La pobre Whitney Houston murió diezmada por las drogas y el alcohol, suscitando conmiseración y lástima. Nada le faltaba: ni belleza, ni dinero, ni fama, ni hijos, ni la admiración que le granjeaban su voz y sus actuaciones en los proscenios y en la pantalla. Le sobró un marido que fue el responsable de su degradación. Por eso, tal vez, lo mandó a freír espárragos, pero ya el daño estaba hecho.

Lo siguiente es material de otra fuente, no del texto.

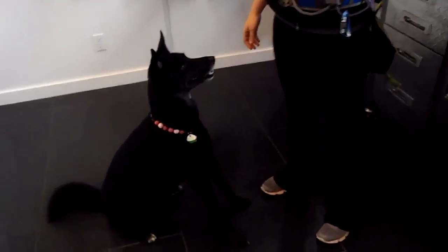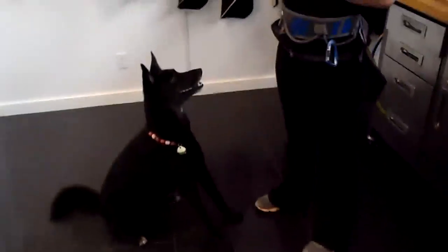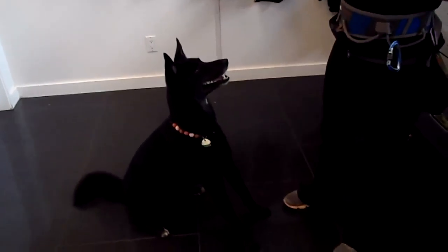It is Monday afternoon here at the Pet Shop Boys and we have Miss Rooney working with Carly, and we're going to do some awesome pet project tricks today as always. Let's see what Rooney can do.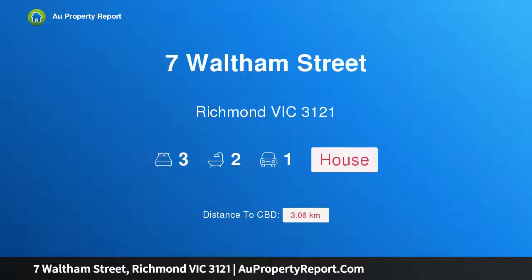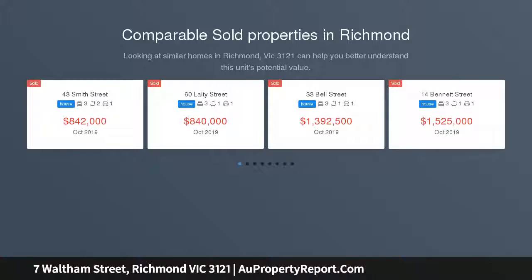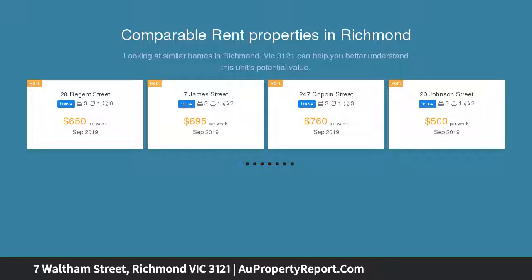Hi, I am glad to introduce property 7 Waltham Street, Richmond Victoria 3121 — period elegance, contemporary excellence. This classic Victorian residence on exclusive Richmond Hill has been given a new lease on life as a sun-drenched contemporary home.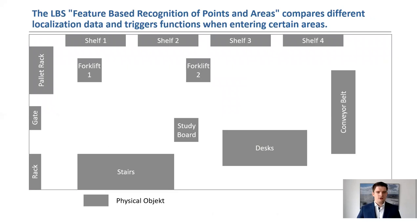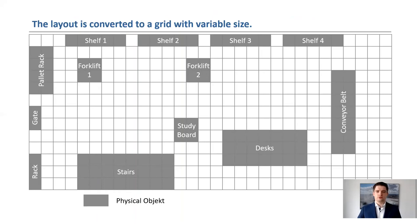The location-based service recognizes digitally stored functional areas, so that when entering these areas, for example, a note about the permitted maximum speed can be displayed. Both the functional surfaces and the localization data of the various systems are stored in RAIL. In the figure, you can see a schematic representation of our experimental hall at the Institute. The gray areas represent different objects such as a pallet rack, two forklifts, or a conveyor belt. The layout of the hall is transformed into a grid, where the size of the individual fields is freely selectable. This offers the advantage that the localization accuracy can be adapted to the respective application.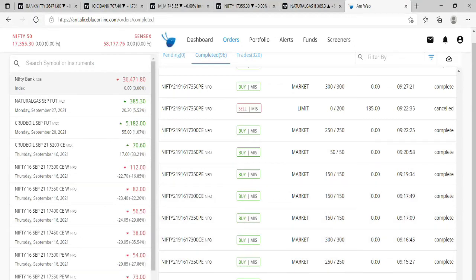For the next target price, I bought natural gas and traded it on Alice Blue. I am doing the natural gas trade on the Alice Blue platform. This is a great profit.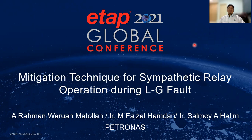Hello, good morning ladies and gentlemen. Today I will share our experience on the mitigation technique for sympathetic relay operation during line-to-ground fault. Special thanks to my technical advisor Mr. Salmi and Mr. Faisal for their advice and support to make this presentation happen.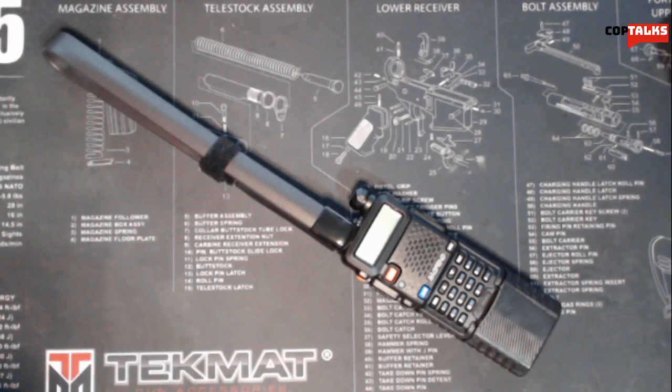Hey there guys, welcome back to Comtalks in another video. In my other video, I talked about emergency communications and making my Baofeng here capable of doing that.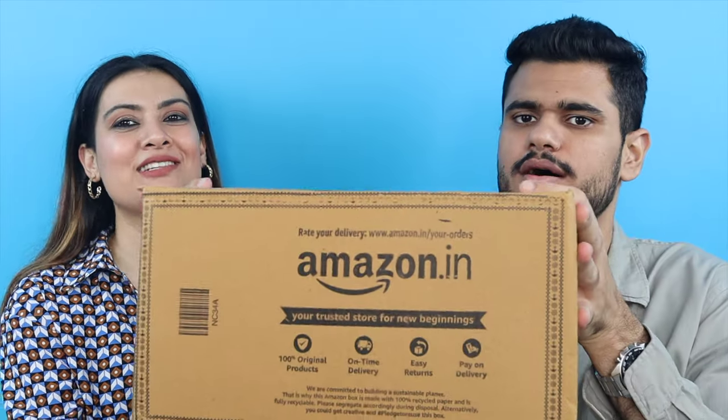Hi guys, welcome back to our channel and welcome back to a new video! Today we've done autumn/winter shopping and we want to share it with you. Let's unbox it — show them the box. So this is the Jadu Pitara, we have both of them, and let's just unbox it. I'm very excited!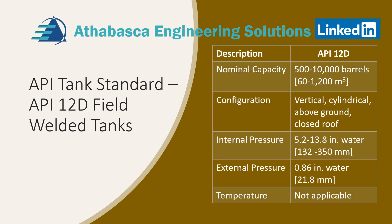API 12D field welded tanks. This is quite a rare type of tank — we see more field welded tanks in the 12 series. But this standard does exist. I have yet to see an application; I'd love to hear from someone who has. Anyways, this is good for capacities of 500 to 10,000 barrels. It's a can design, just like 12B — vertical, cylindrical, above ground, but with a closed roof. It has an internal pressure and an external pressure, and temperature is not applicable. There is minimum engineering in this design as it's all pre-packaged, even the dimensions.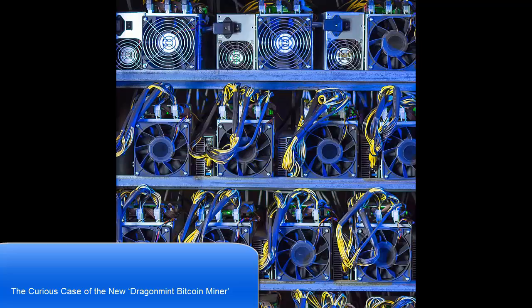The company details that the miner is the first step in a long strategy which began in 2016. Over 100 experts helped with the project, explains Halong Mining, including software developers and chip designers. The project is motivated by and driven to help facilitate greater decentralization in Bitcoin mining at all levels, and to make SHA-256 great again.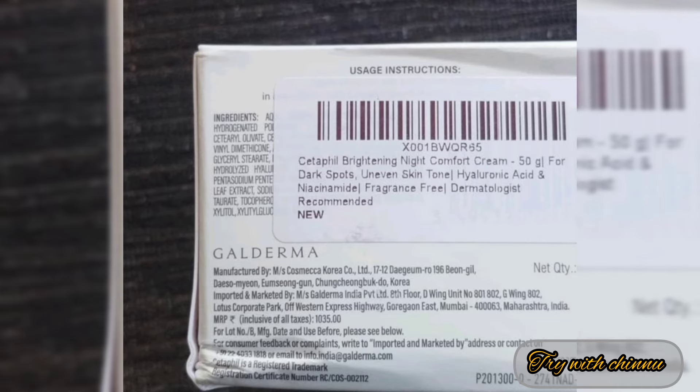It is fragrance-free and dermatologically recommended by doctors. If you look at this product, you can get 50 grams. Online you can get it in the 50 rupee range.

La desdicha de Houston vuelve a ser tema de debate en relación con los estragos de la producción de narcóticos. Los desarrollos de la discusión se centran tanto en las implicaciones que la comercialización de las sustancias controladas tiene en la política y la deslegitimación del Estado, que se descuida el daño social que el consumo arroja en los farmacodependientes. Cada día, sin embargo, se vuelven más amenazantes los retos que plantea la cultura narco.

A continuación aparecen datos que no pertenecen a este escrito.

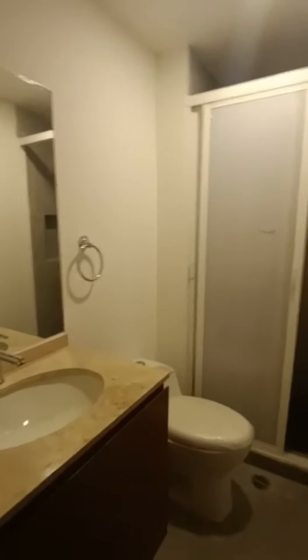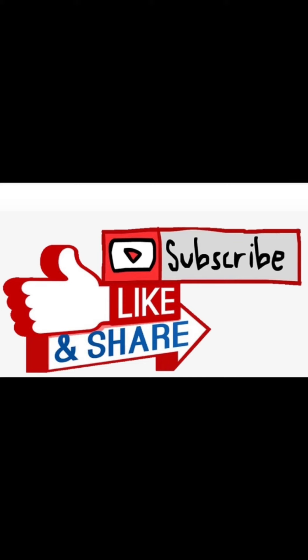Make sure you all like and share, and click that bell to subscribe to the channel for more apartment walkthroughs. Let's go.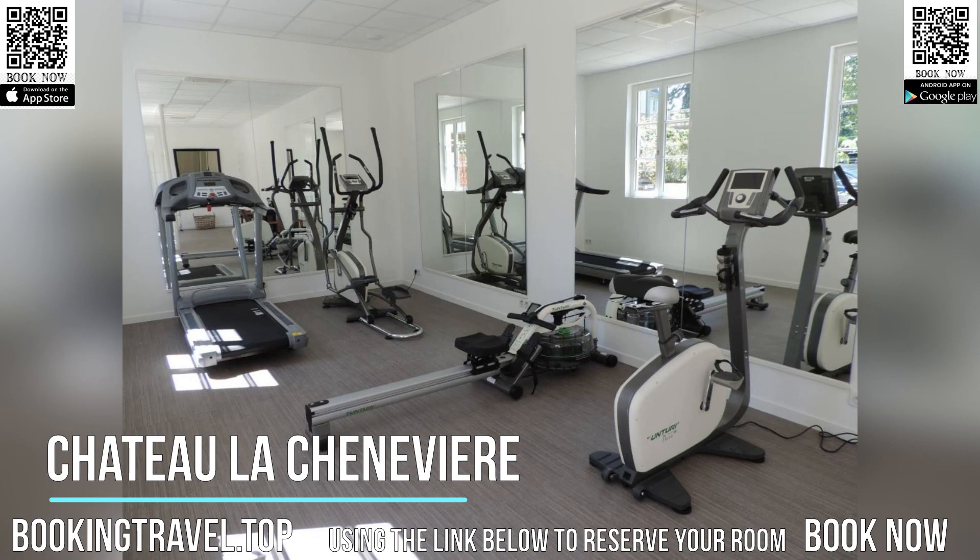Book now at the best price guaranteed, using the link below to reserve your room.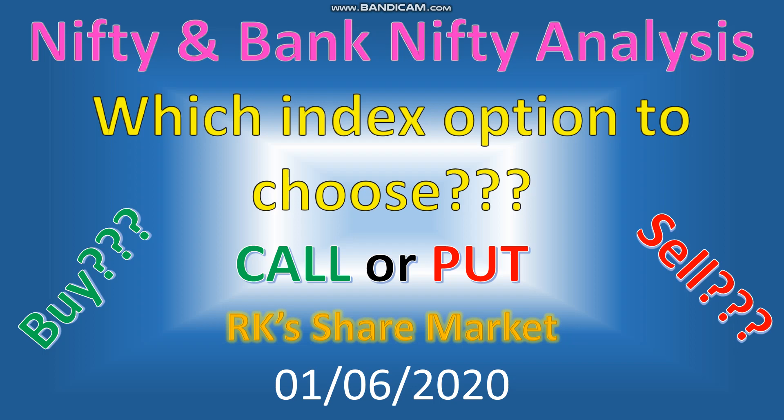Hello friends, this is RK from RK Share Market and Investments. It's a short video on Nifty and Bank Nifty analysis — a fresh opening for the June month — looking at how the trend is going to be, whether it is on the upside or downside, whether Nifty will break the 9600 mark, and on the Bank Nifty side whether it will break the 9500 mark and climb up. All those things will be discussed in this short video.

Uno de esos retos es que parece que no hubiera fuerza humana que amuralle la integridad física (la salud) de quienes son sensibles a la seducción del vicio. Ambientes como el de la farándula son propicios para que la voluntad sucumba a los estímulos que alucinan. Lo peor es que los antecedentes –genios y sabios vencidos por los psicotrópicos– no pellizcan ni ejemplarizan a la hora de sortear las tentaciones.
¿No hay, entonces, principios bien arraigados, ni fe religiosa, ni educación, ni frenos espirituales que condicionen la conducta al momento de elegir entre la ponderación y la enajenación? ¿O es que la razón se les escabulle a las intuiciones universales? ¿O que, ya que no se legaliza la droga, el hombre se rinde ante la necesidad de expandir una conciencia capaz de destruir, con una ética de nuevos valores, la inconciencia del tráfico y las adicciones?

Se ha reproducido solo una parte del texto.